# Where Is Willie



## SAM SAMSRAM (Apr 20, 2004)

hmmmmm :truth: 
Has anyone on the TRACTOR FORUM gotten an e-mail or phone call from WILLIE "WILLIE NUNEZ".
Does anyone know if he has moved to his new home or just out fishing still? I need to make some type of contact with him if anyone can help me out.
THANKS SAM "SAMSRAM"
:question: :question:


----------



## Greg (Sep 16, 2003)

Sam,

Got this from a Yahoo search.

Willie G. Nunez
12015 Oconnor Rd
San Antonio, TX 
(210) 967-7330


----------



## SAM SAMSRAM (Apr 20, 2004)

*WILLIE HAS BEEN FOUND*

 Thank you Greg. I have his e-mail he gave me before he went fishing and moved to his new place . I have sent a number of e-mail's but no return .Do you know if he has a new e-mail? If he does can you give me a PM thanks.SAM


----------



## aegt5000 (Feb 22, 2004)

Last I heard was Willie had mounted a new propulsion system to 
his tractor and entered it into the X-Project. 
:furious:


----------



## SAM SAMSRAM (Apr 20, 2004)

*Willie on the X-Project*

  
I knew I should NOT have talked to him about when I lived back in ROSWELL N.M.I was just given him a bad time telling him about the small funny looking tractor owners back there:alien2: :alien2: :alien2: :alien2:
I did tell him it was a :secret: and to be very careful about what he put on his tractor.I got word that he got a new tractor and it looked somewhat like this one :ufo: .
Thanks just remember that.
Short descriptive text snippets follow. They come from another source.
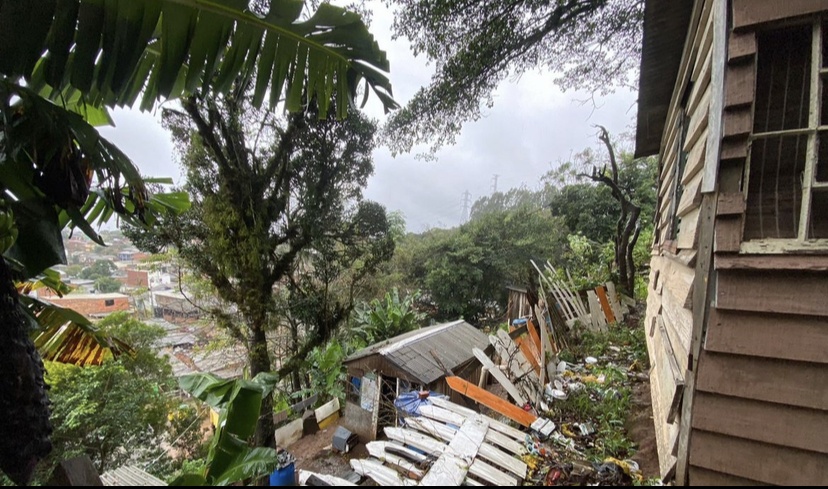 Ciclone atinge cidade no Rio Grande do Sul
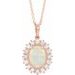 Halo-Style Necklace or Pendant
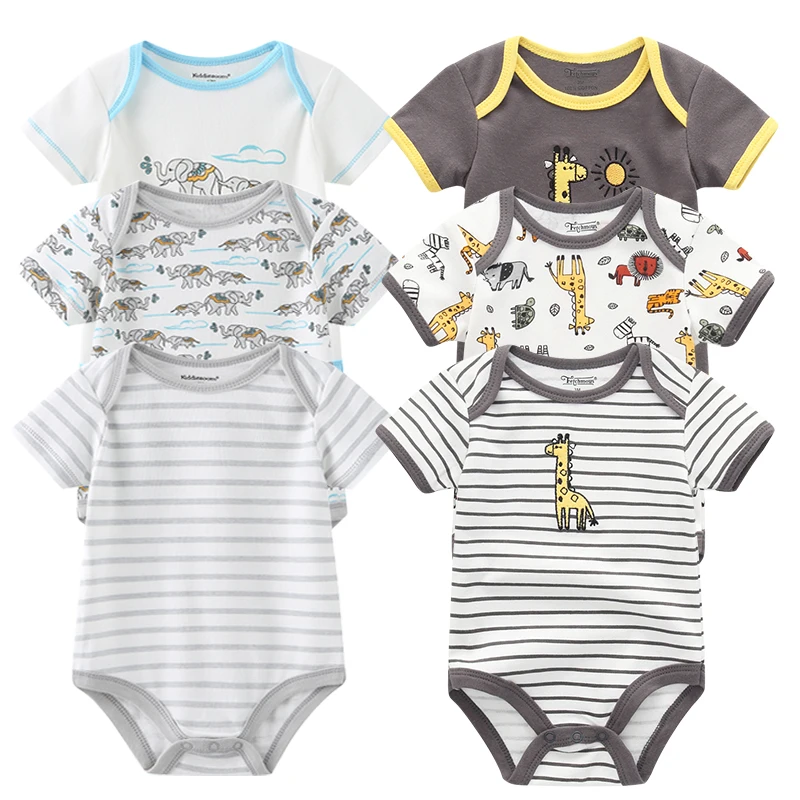 Baby Clothes 3pcs Baby Rompers Cotton Infant short Sleeve Jumpsuits Boy Girl Summer clothing set kids clothes set baby girl clothing set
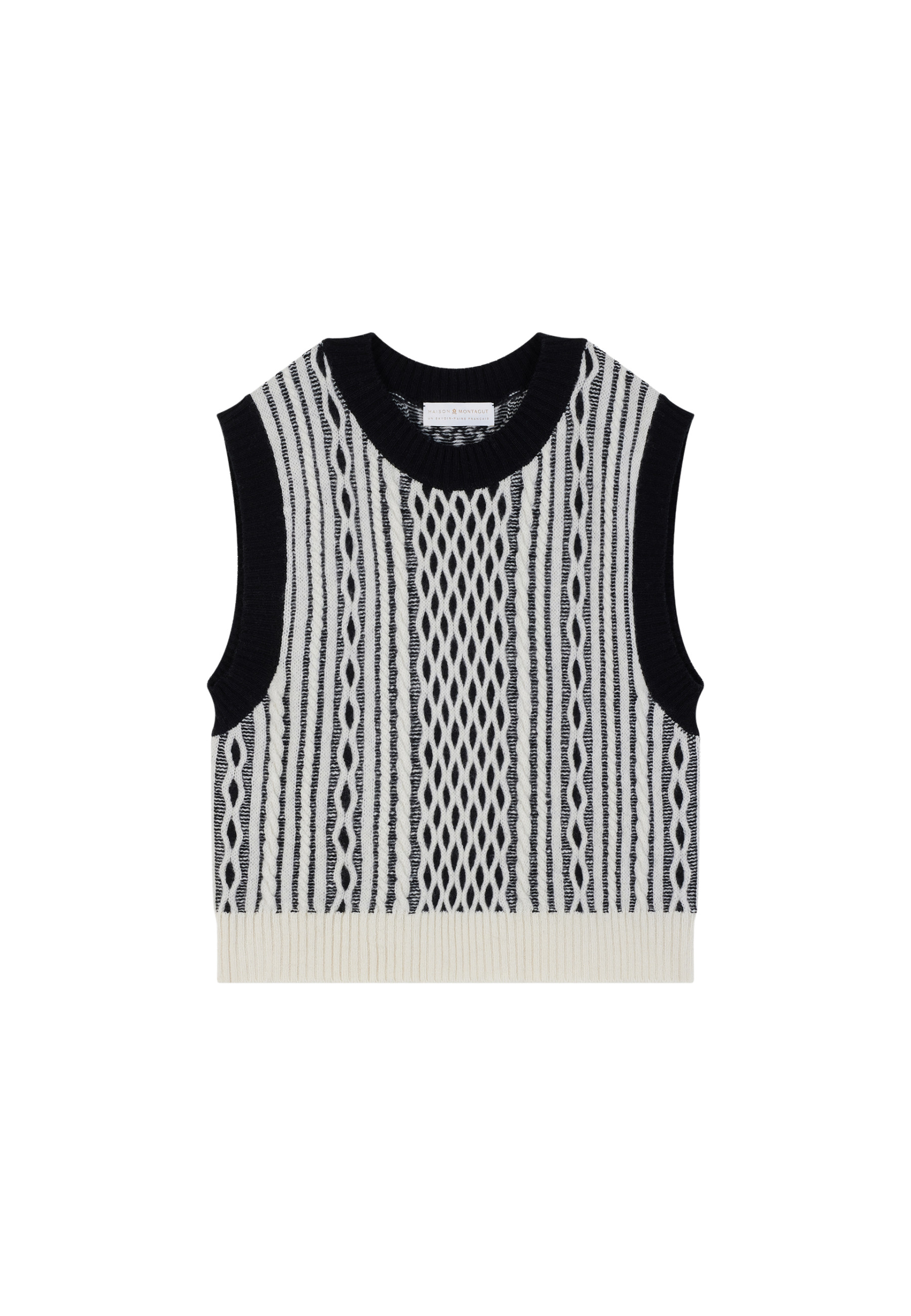 Pull sans manches en laine et cachemire - Clotilde 8349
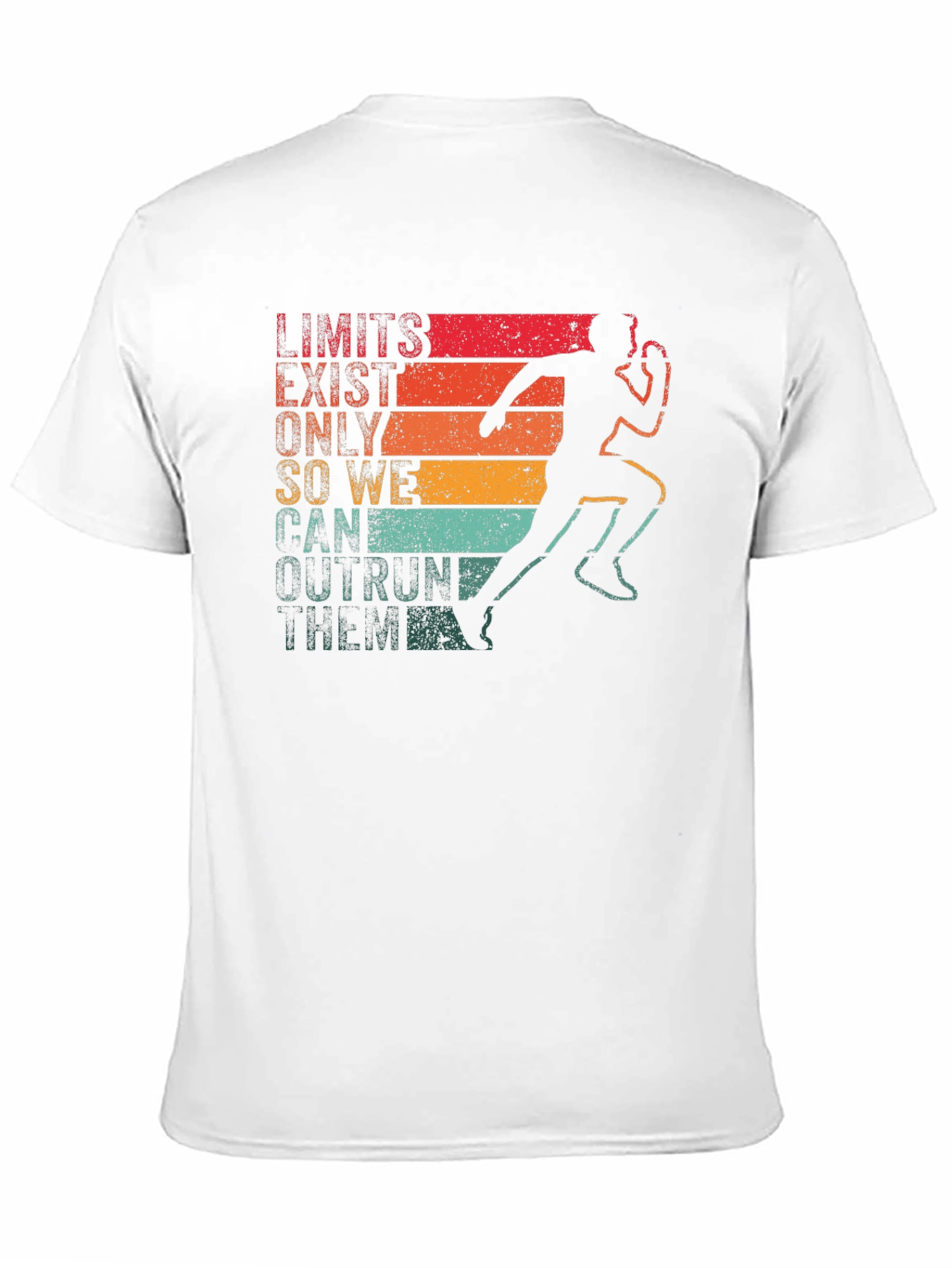 Retro Runner T-Shirt - Limits Exist Outrun Them!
POOR WILLIE.


----------



## bontai Joe (Sep 16, 2003)

I've tried several times to contact Willie, with no success. I sadly believe he has moved on to other activities.


----------



## ducati996 (Dec 27, 2003)

:furious: :furious: :furious:


----------



## snowmower (May 19, 2004)

I miss Willie, the man has ingenuity.

Greg, may I suggest you remove his coordinates. I'm not real sure he'd like to share that kind of info with the world.

SnowMower


----------



## guest2 (Dec 27, 2003)

> _Originally posted by snowmower _
> *I miss Willie, the man has ingenuity.
> 
> Greg, may I suggest you remove his coordinates. I'm not real sure he'd like to share that kind of info with the world.
> ...


If Greg got it from a Yahoo search, it's already shared with the world. I'm also thinking "Willie Nunez" might be a fairly common name.


----------



## aguysmiley (Jul 2, 2004)

I thought Willie Nunez was the character that killed Patrick Swayzee in the movie "Ghost"?


----------



## Greg (Sep 16, 2003)

Snowmower,

Willie's address and tel number are available to anyone who types his name in the "People Finder" located on the main page of Yahoo. He has given his name, his home town freely on the various forums he has visited. It would be just as easy, I guess, to call 411 and get his tel # and talk to him directly. People Finder is nothing more than a telephone white pages...online.


----------



## ducati996 (Dec 27, 2003)

> _Originally posted by Greg _
> *Snowmower,
> 
> Willie's address and tel number are available to anyone who types his name in the "People Finder" located on the main page of Yahoo. He has given his name, his home town freely on the various forums he has visited. It would be just as easy, I guess, to call 411 and get his tel # and talk to him directly. People Finder is nothing more than a telephone white pages...online. *


I bet he is wondering why he is on every spam & telemarketers lists, but he cant quite put his finger on it as to why....:furious: 

I do remember his last posts pertaining to failures on his machine....not surprising I guess...

Ducati


----------



## ducati996 (Dec 27, 2003)

Can somebody call that number and ask if its the original "willie" ?


----------



## Greg (Sep 16, 2003)

You might get some guy that says "No, but I'll switch you to my wife"!


----------



## guest (Sep 16, 2003)

thanks for the address Greg.. 

I just signed willie up for a yearly subscription to playgirl & Mens health... 


j/k j/k j/k :furious: :furious:


Willie if you are out there... hope all is well.


----------



## Greg (Sep 16, 2003)

SJ,

I got him Hustler and Soldier of Fortune!:smoking:


----------



## bontai Joe (Sep 16, 2003)

> _Originally posted by simple_john _
> *thanks for the address Greg..
> 
> I just signed willie up for a yearly subscription to playgirl & Mens health...
> ...


"I got him Hustler and Soldier of Fortune!"

And you guys wonder why he doesn't post here anymore


----------